Mostly I keep thinking about the cooking demo. Yeah, it bombed. But what if it worked? What if Meta releases the third iteration of this hardware next year and it worked? This post is just questions.

The demos were deeply weird: both Mark Zuckerberg and Jack Mancuso (the celebrity chef) had their AR glasses in a particular demo mode that broadcasted the audio they were hearing and the video they were seeing to the audience and to the live feed of the event.

Of course they need to square the circle of AR glasses being 'invisible technology,' but showing people what it does. According to MKBHD's review, one of the major breakthroughs of the new edition is that you can't see when other people are looking at the glasses built-in display.

I should credit Song for mentioning the privacy issues of the glasses in her review for The Verge. MKBHD briefly talks about his concern that people will use the glasses to be even more distracted during face-to-face interactions. It's not like everyone's totally ignoring the implications.

But the implications. Like for example: I don't know, sometimes I'm cooking for my partner. Do they hear a one-sided conversation between me and the "Live AI" about what to do first, how to combine the ingredients? Without the staged demo's video-casting, this would have been the demo: a celebrity chef talking to himself like a lunatic, asking how to start.

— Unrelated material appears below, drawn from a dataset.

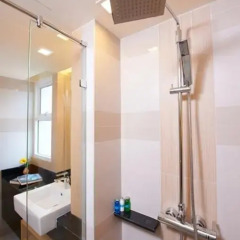 Pattaya Sea View Hotel 4* Улучшенный номер с различными типами кроватей фото 5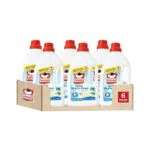 Omino Bianco - Detersivo Lavatrice Liquido, 138 Lavaggi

Or what if we're cooking together – do we both have the glasses, and maybe the Live AI responds to… both of us? Do we hear each other's audio, or is it a mystery what the AI is telling the sous-chef? Does it broadcast to a bluetooth speaker maybe?

Maybe the glasses are able to do joint attention and know who else is in your personal space and share with them in a permissioned way? Does this lock everyone into a specific brand of the glasses or is there some open protocol? It's been a long, long time since I've seen a new open protocol.

Marques's video shows an impressively invisible display to others, but surely there's some reflection on people's retinas: could you scan that and read people's screens off of their eyeballs?

I hate to preempt critiques but the obvious counterpoint is that "the glasses will be good for people with accessibility needs." Maybe the AI is unnecessary for cooking, and a lot of its applications will be creepy or fascist, but being able to translate or caption text in real-time will be really useful to people with hearing issues.